In opposizione al sistema guadagnavano terreno le organizzazioni del
terrore che, usando quegli stessi metodi di finanziamento della tradizione
fuorilegge, e con un ben dosato stillicidio d’ammazzamenti distribuiti tra
tutte le categorie di cittadini, illustri e oscuri, si proponevano come l’unica
alternativa globale al sistema. Ma il loro vero effetto sul sistema era quello
di rafforzarlo fino a diventarne il puntello indispensabile, confermandone la
convinzione d’essere il migliore
sistema possibile e di non dover cambiare in nulla.
Così tutte
le forme d’illecito, da quelle più sornione a quelle più feroci si saldavano in
un sistema che aveva una sua stabilità e compattezza e coerenza e nel quale
moltissime persone potevano trovare il loro vantaggio pratico senza perdere il
vantaggio morale di sentirsi con la coscienza a posto. Avrebbero potuto dunque
dirsi unanimemente felici, gli abitanti di quel paese, non fosse stato per una
pur sempre numerosa categoria di cittadini cui non si sapeva quale ruolo
attribuire: gli onesti.
Erano
costoro onesti non per qualche speciale ragione ( non potevano richiamarsi a
grandi principi, né patriottici né sociali né religiosi, che non avevano più
corso), erano onesti per abitudine mentale, condizionamento caratteriale, tic
nervoso. Insomma non potevano farci niente se erano così, se le cose che
stavano loro a cuore non erano direttamente valutabili in denaro, se la loro
testa funzionava sempre in base a quei vieti meccanismi che collegano il guadagno
col lavoro, la stima al merito, la soddisfazione propria alla soddisfazione
d’altre persone. In quel paese di gente che si sentiva sempre con la coscienza
a posto loro erano i soli a farsi sempre degli scrupoli, a chiedersi ogni
momento cosa avrebbero dovuto fare. Sapevano che fare la morale agli altri,
indignarsi, predicare la virtù sono cose che trovano troppo facilmente
l’approvazione di tutti, in buona o in malafede. Il potere non lo trovavano abbastanza
interessante per sognarlo per sé (almeno quel potere che interessava agli
altri); non si facevano illusioni che in altri paesi non ci fossero le stesse
magagne, anche se tenute più nascoste; in una società migliore non speravano
perché sapevano che il peggio è sempre più probabile.
Dovevano
rassegnarsi all’estinzione?
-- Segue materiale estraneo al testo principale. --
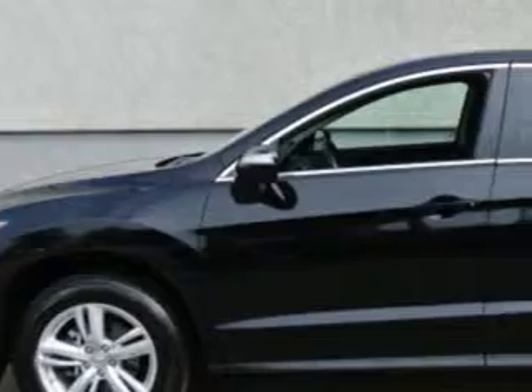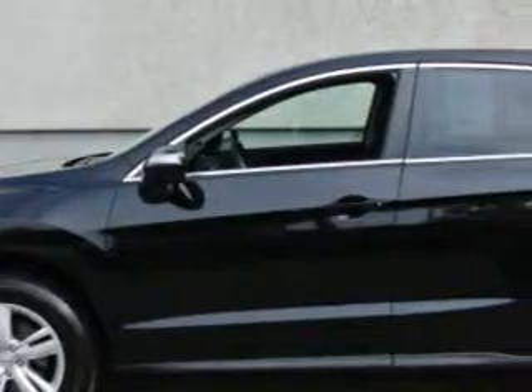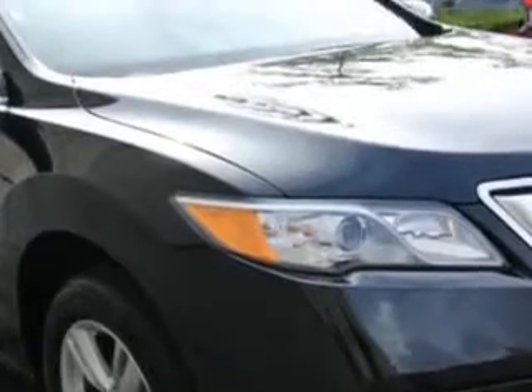Check out this Crystal Black Pearl 2014 Acura RDX SUV all-wheel drive, equipped with a six-cylinder engine and an automatic transmission. Enjoy an exceptional 27 miles to the gallon on this great SUV.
No, la loro consolazione era pensare che così come
in margine a tutte le società durante millenni s’era perpetuata una
controsocietà di malandrini, di tagliaborse, di ladruncoli, di gabbamondo, una
controsocietà che non aveva mai avuto nessuna pretesa di diventare la società ,
ma solo di sopravvivere nelle pieghe della società dominante e affermare il
proprio modo d’esistere a dispetto dei principi consacrati, e per questo aveva
dato di sé ( almeno se vista non troppo da vicino) un’immagine libera e vitale,
così la controsocietà degli onesti forse sarebbe riuscita a persistere ancora
per secoli, in margine al costume corrente, senza altra pretesa che di vivere
la propria diversità , di sentirsi dissimile da tutto il resto, e a questo modo
magari avrebbe finito per significare qualcosa d’essenziale per tutti, per
essere immagine di qualcosa che le parole non sanno più dire, di qualcosa che
non è stato ancora detto e ancora non sappiamo cos’è.
Articolo uscito su la Repubblica, 15 marzo 1980, col titolo “Apologo
sull’onestà nel paese dei corrotti".